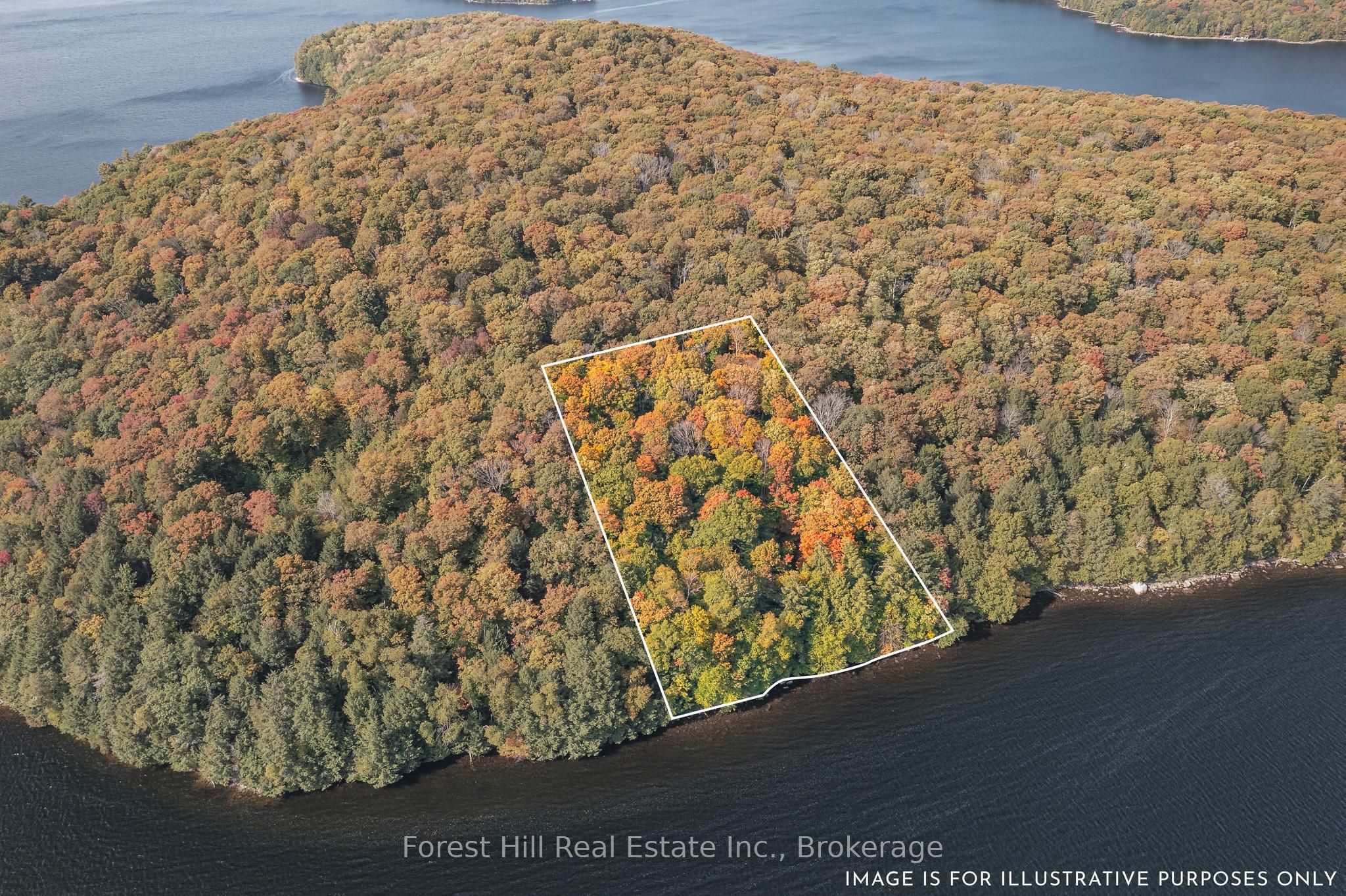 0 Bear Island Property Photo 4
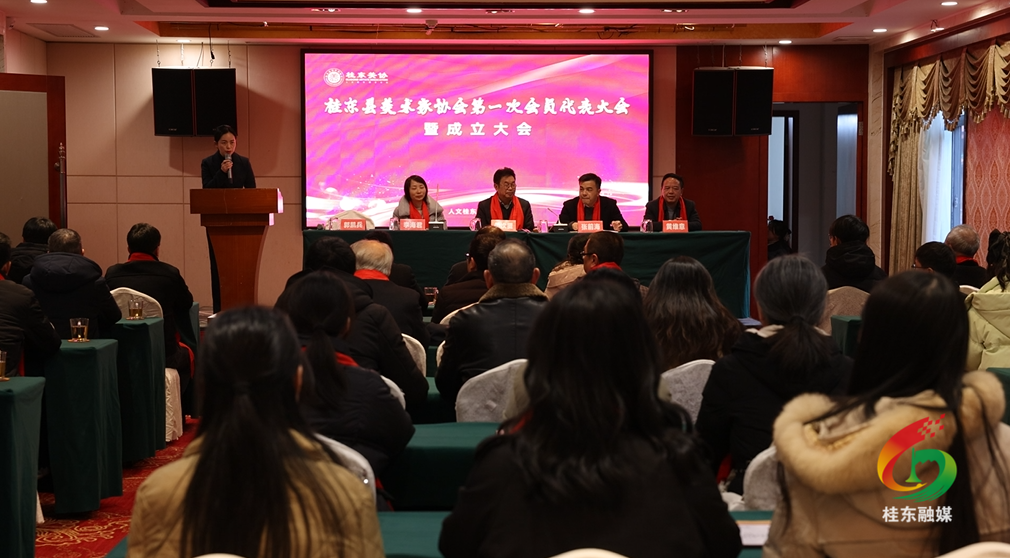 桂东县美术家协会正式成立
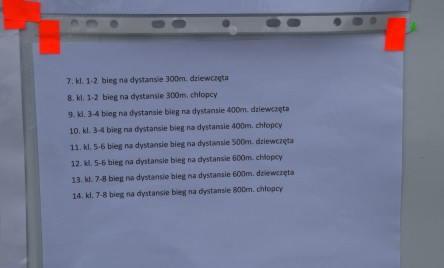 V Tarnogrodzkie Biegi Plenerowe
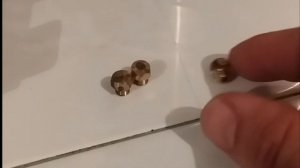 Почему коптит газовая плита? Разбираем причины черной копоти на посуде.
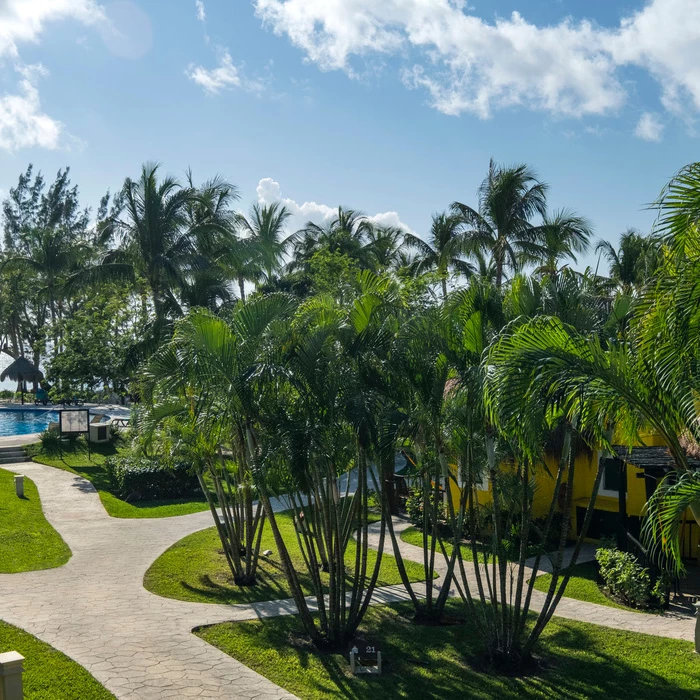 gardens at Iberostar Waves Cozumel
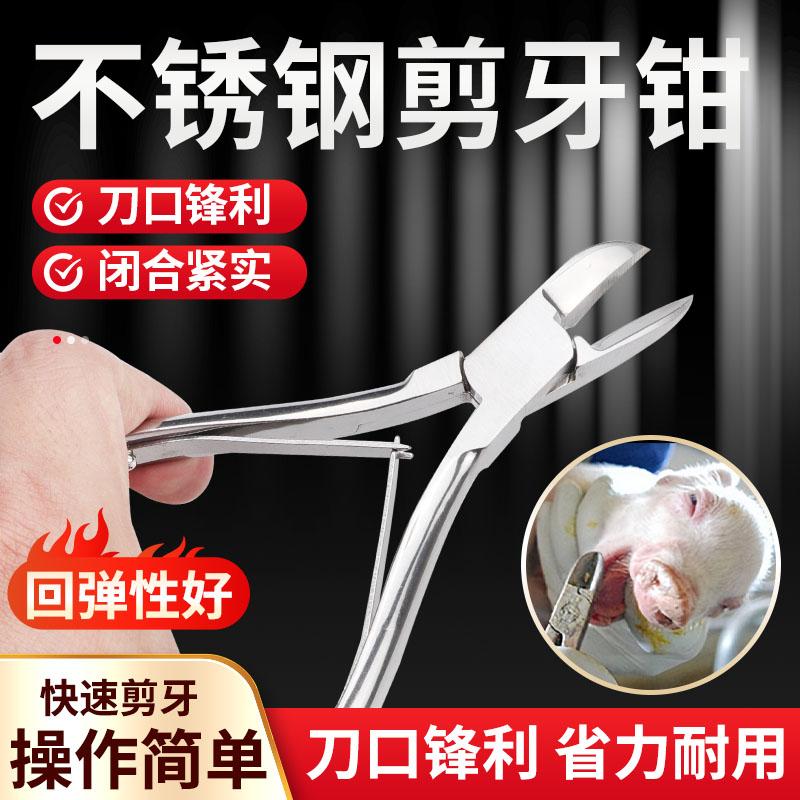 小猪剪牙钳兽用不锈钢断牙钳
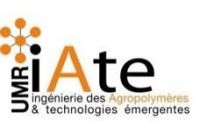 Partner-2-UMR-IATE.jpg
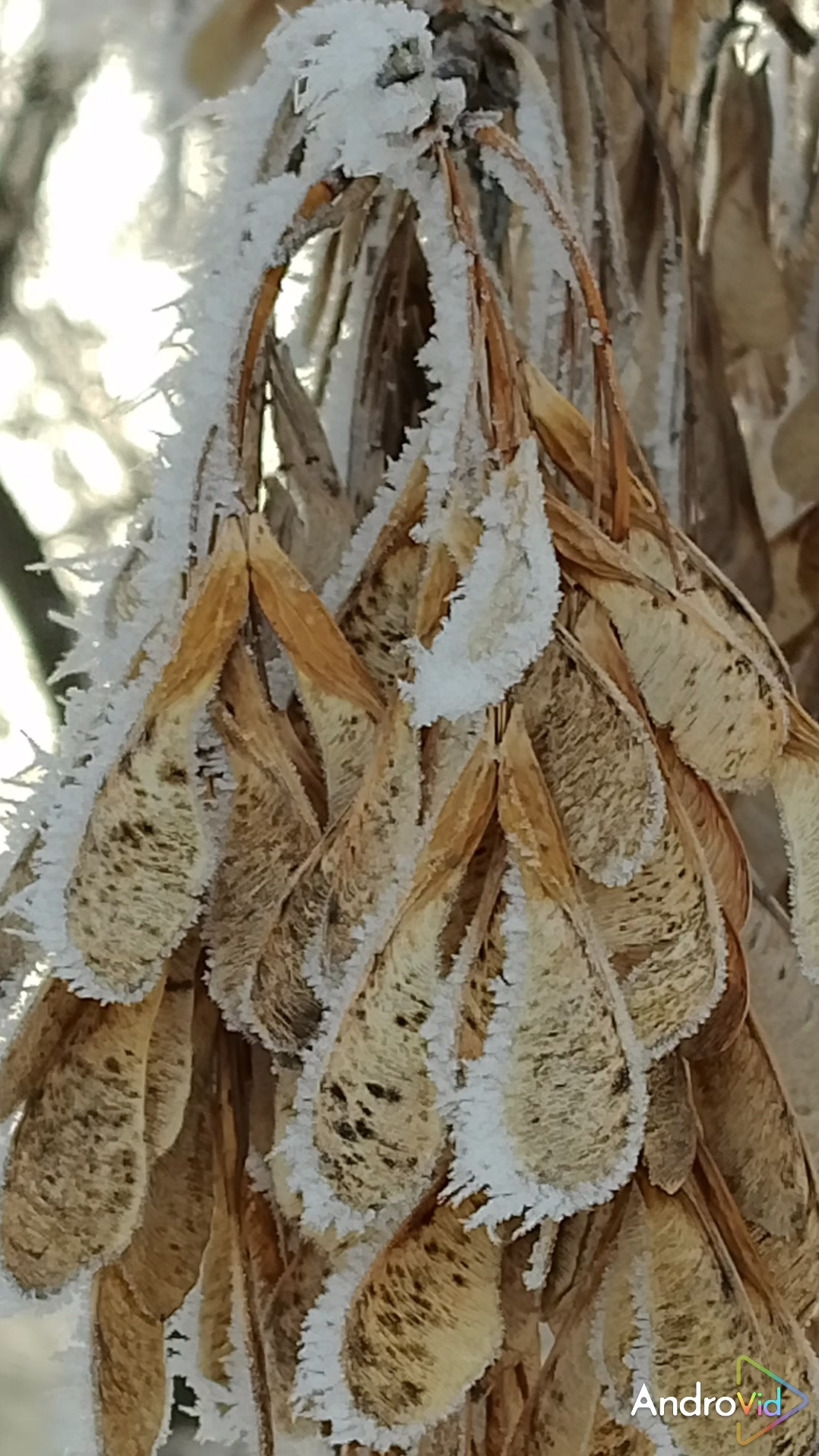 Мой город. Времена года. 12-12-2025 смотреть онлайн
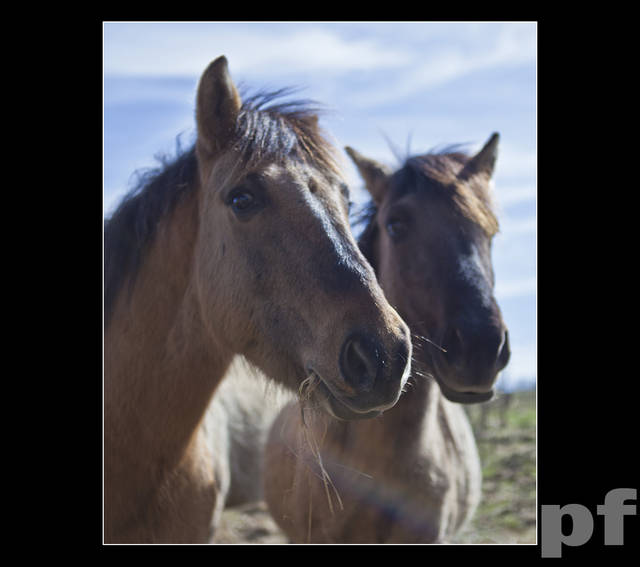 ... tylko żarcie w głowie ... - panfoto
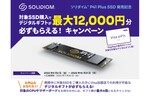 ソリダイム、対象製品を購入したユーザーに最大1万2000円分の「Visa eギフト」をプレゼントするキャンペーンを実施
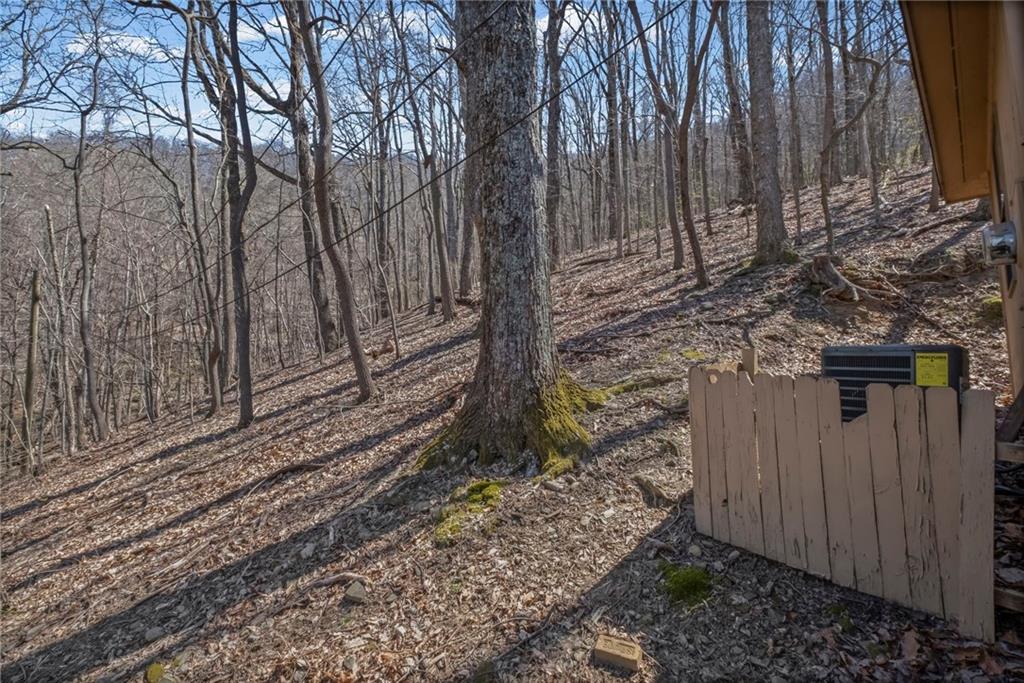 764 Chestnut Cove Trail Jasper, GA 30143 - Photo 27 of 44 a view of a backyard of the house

Work request: Only the text of the listing above is wanted, transcribed exactly, without its images.

Task answer:
 0 Bear Island Property Photo 4
 桂东县美术家协会正式成立
 V Tarnogrodzkie Biegi Plenerowe
 Почему коптит газовая плита? Разбираем причины черной копоти на посуде.
 gardens at Iberostar Waves Cozumel
 小猪剪牙钳兽用不锈钢断牙钳
 Partner-2-UMR-IATE.jpg
 Мой город. Времена года. 12-12-2025 смотреть онлайн
 ... tylko żarcie w głowie ... - panfoto
 ソリダイム、対象製品を購入したユーザーに最大1万2000円分の「Visa eギフト」をプレゼントするキャンペーンを実施
 764 Chestnut Cove Trail Jasper, GA 30143 - Photo 27 of 44 a view of a backyard of the house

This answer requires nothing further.